* [Activity] Write the listing out once more, identical to the original but without pictures.

Top of Data shown

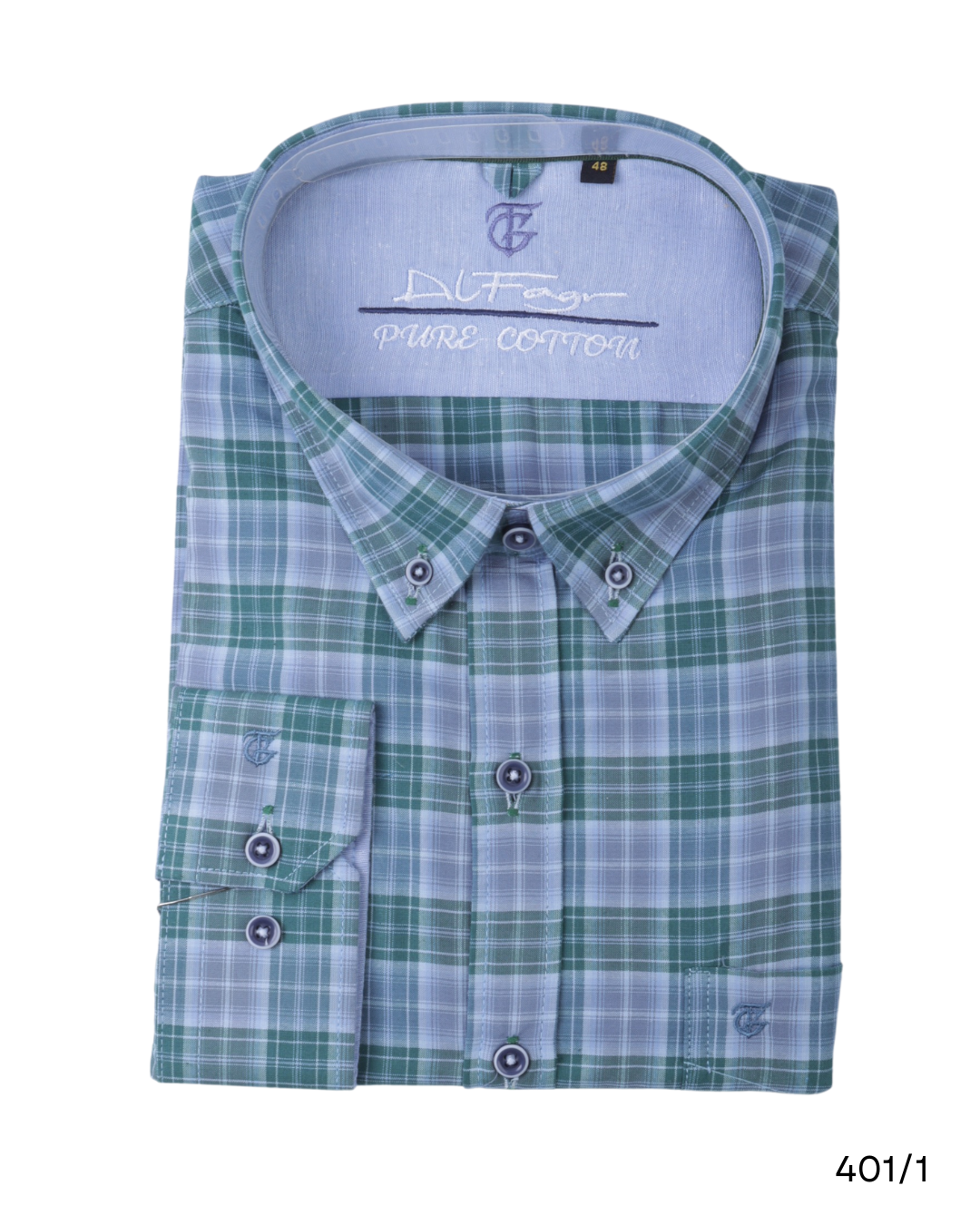 قميص كم مقاس خاص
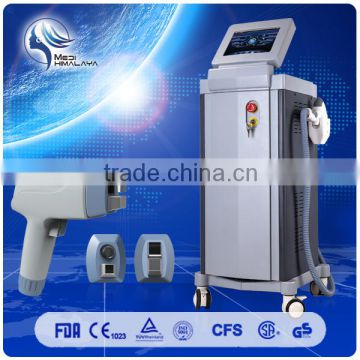2016 808nm diode laser for skin rejuvenation and hair removal machine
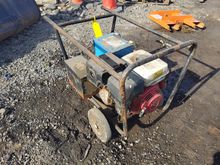 Image of Honda DX270 9hp Welder Genarator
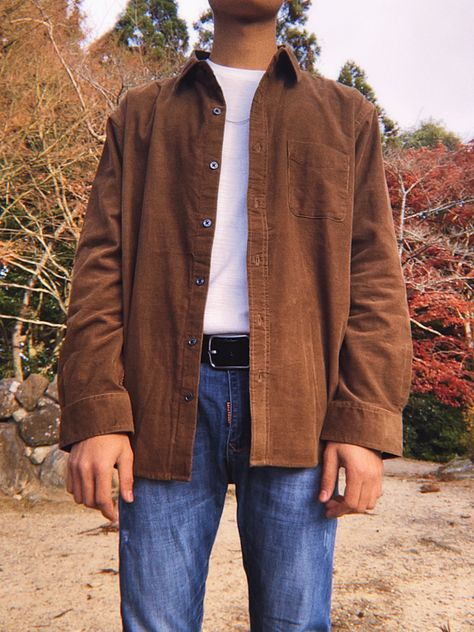 Brown Jacket Outfit Men Aesthetic, Men’s Fashion Smart Casual, Brown Corduroy Outfit Men, Maroon Corduroy Jacket Outfit, Brown Courdory Jacket Outfit Men, Coudroy Jacket Outfits Men, Curdory Jacket Outfit Men, Corduroy Brown Jacket Outfit, Courdory Jacket Outfit Mens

Bottom of Data shown

* [Response to the exercise]
 قميص كم مقاس خاص
2016 808nm diode laser for skin rejuvenation and hair removal machine
 Image of Honda DX270 9hp Welder Genarator
 Brown Jacket Outfit Men Aesthetic, Men’s Fashion Smart Casual, Brown Corduroy Outfit Men, Maroon Corduroy Jacket Outfit, Brown Courdory Jacket Outfit Men, Coudroy Jacket Outfits Men, Curdory Jacket Outfit Men, Corduroy Brown Jacket Outfit, Courdory Jacket Outfit Mens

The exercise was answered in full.